___ Input data ___

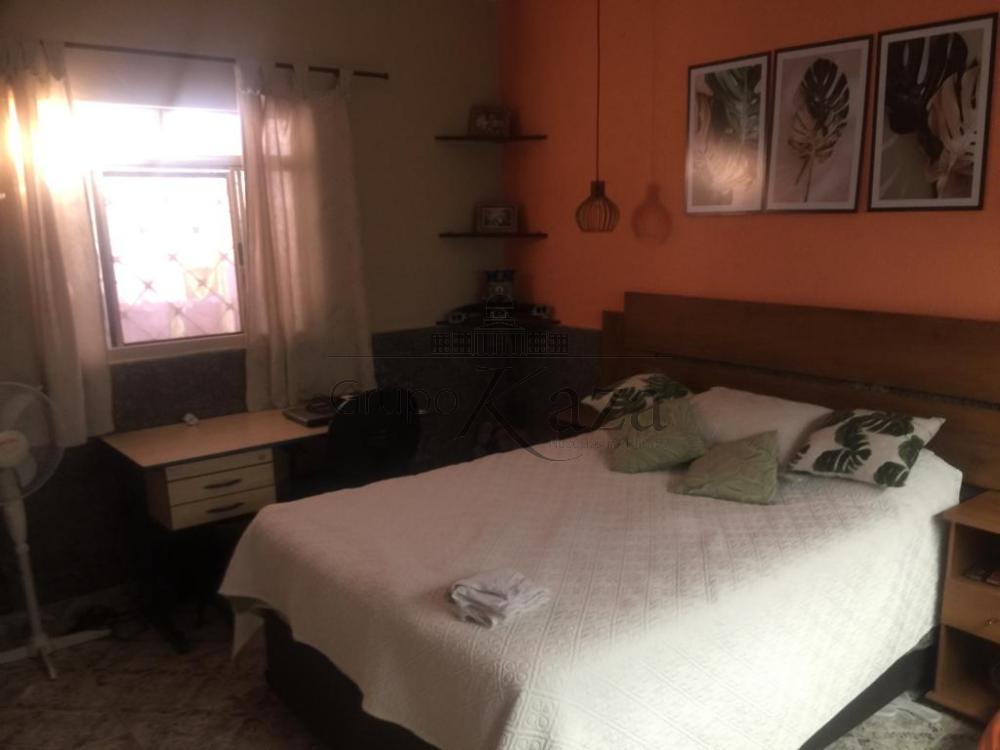 Foto 17 de Casa Padrão em Jardim São Judas Tadeu, São José dos Campos - imagem 17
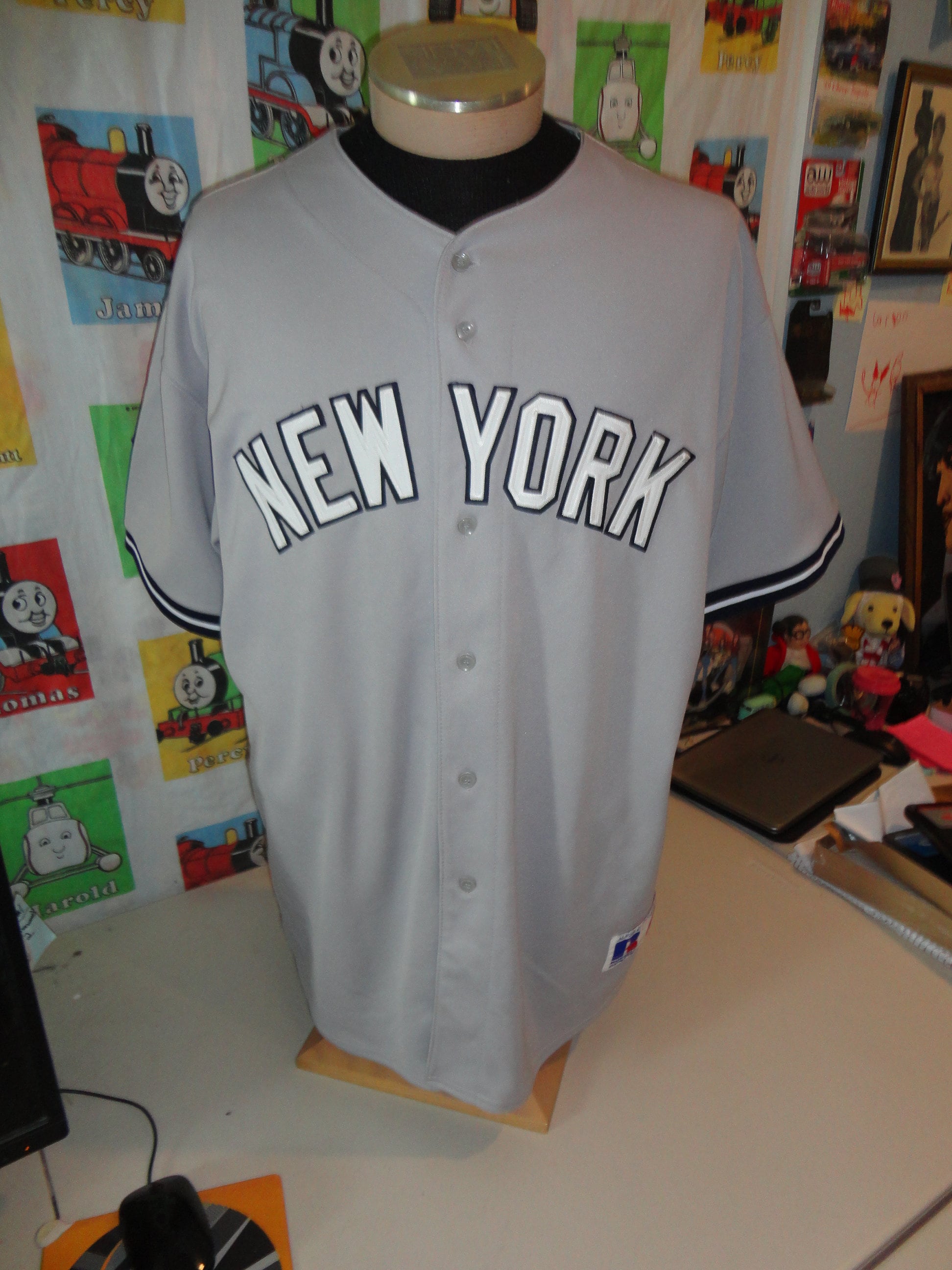 Starter New York Yankees Derek Jeter Stitched Jersey Size XL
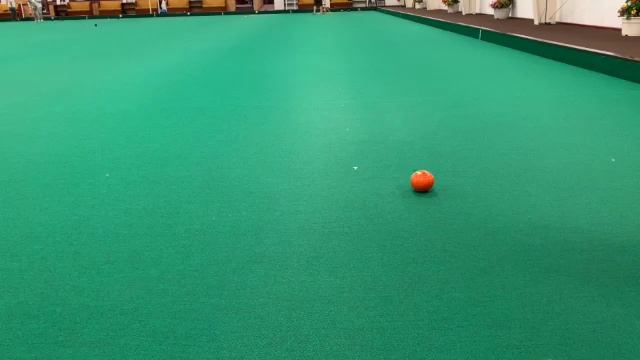 Lawn Bowls for Fun 23. Using a bowls ramp to determine line. смотреть онлайн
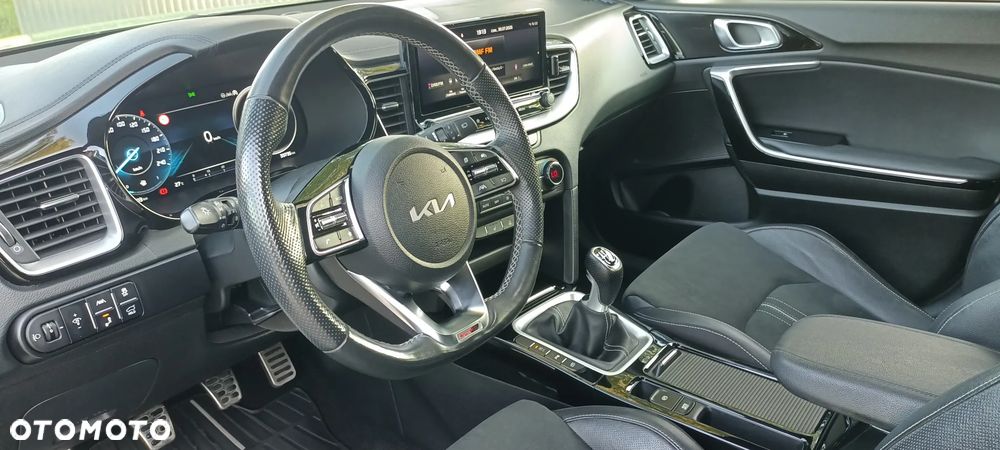 Kia XCeed 1.5 T-GDI GT-Line - 22
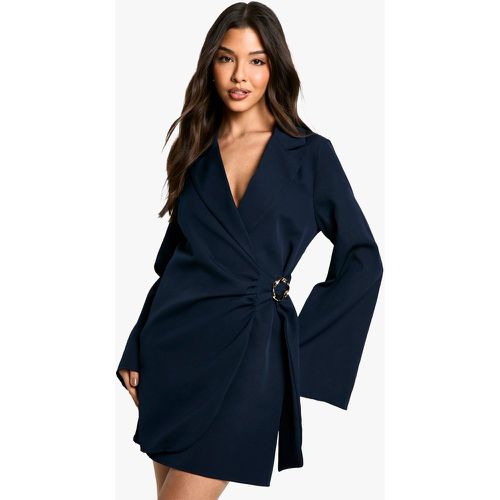 Robe Blazer Nouée À La Taille Avec Boucle - 38 - boohoo - Modalova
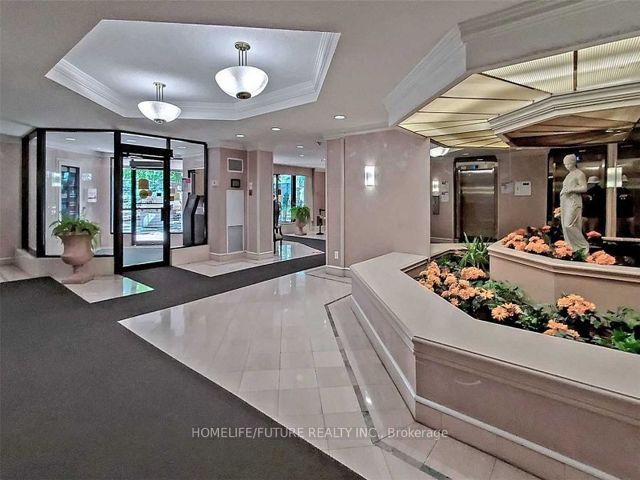 2028 - 75 Bamburgh Circ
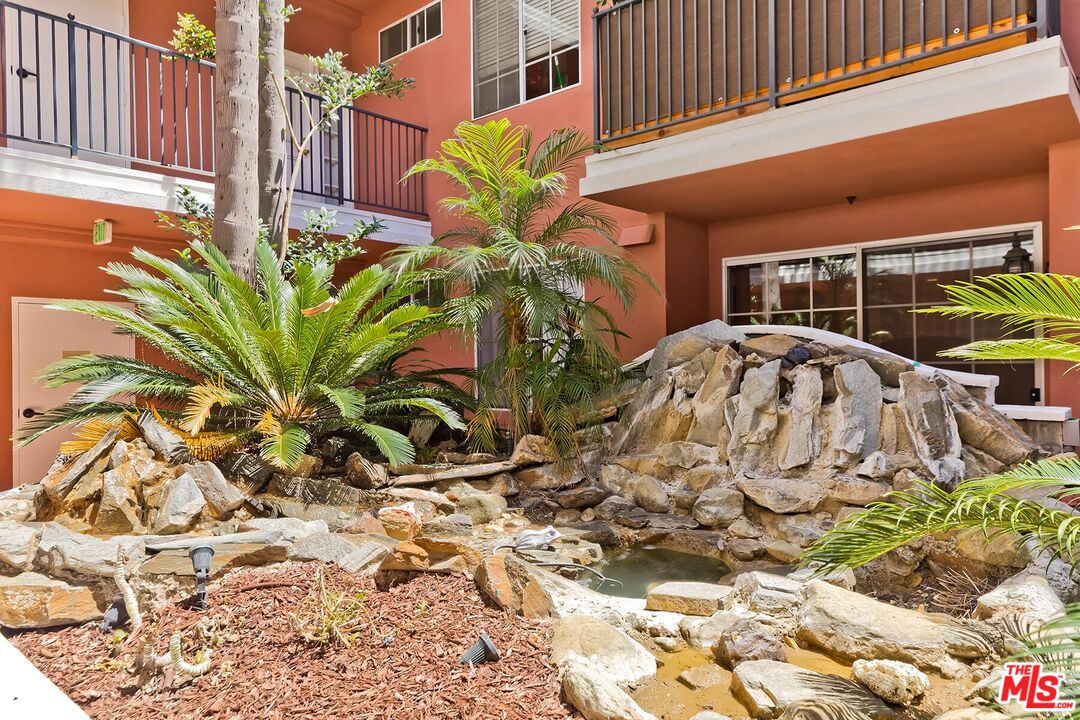 1522 S Saltair Ave Unit: 101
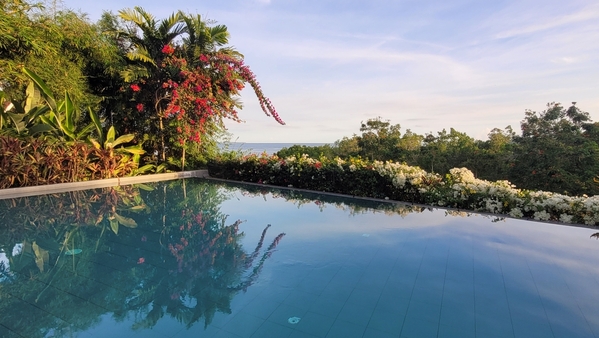 Lower infinity pool at Ocean Suites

___

Exercise details:
Only the lines from the one with "2028 - 75 Bamburgh Circ" through the final line of the entries above should be transcribed, exactly and without pictures.

Answer box:
 2028 - 75 Bamburgh Circ
 1522 S Saltair Ave Unit: 101
 Lower infinity pool at Ocean Suites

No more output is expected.